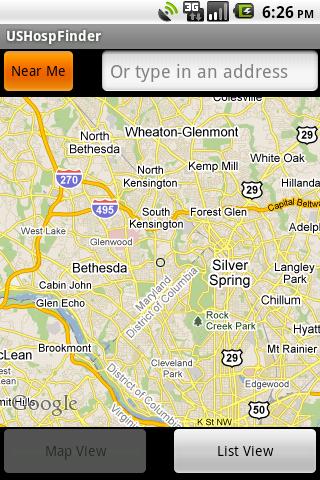 US Hospital Finder Android App Screen 1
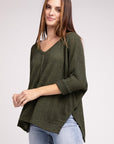 Zenana 3/4 Sleeve V-Neck Hi-Low Hem Jacquard Sweater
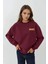 Kadın İşlemeli Yuvarlak Yaka Sweatshirt Kiraz Kırmızısı 2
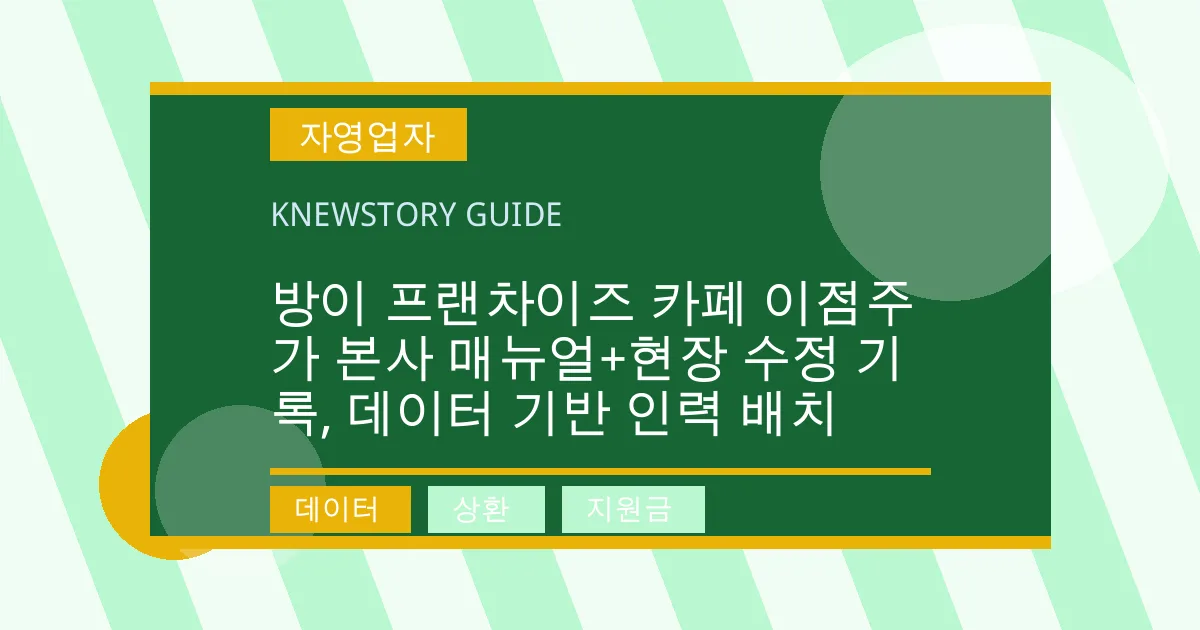 방이 프랜차이즈 카페 이점주가 본사 매뉴얼+현장 수정 기록, 데이터 기반 인력 배치 - 데이터, 상환, 지원금 대표 이미지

+--

Return all of the lines above without alteration, minus the pictures.

 US Hospital Finder Android App Screen 1
 Zenana 3/4 Sleeve V-Neck Hi-Low Hem Jacquard Sweater
 Kadın İşlemeli Yuvarlak Yaka Sweatshirt Kiraz Kırmızısı 2
 방이 프랜차이즈 카페 이점주가 본사 매뉴얼+현장 수정 기록, 데이터 기반 인력 배치 - 데이터, 상환, 지원금 대표 이미지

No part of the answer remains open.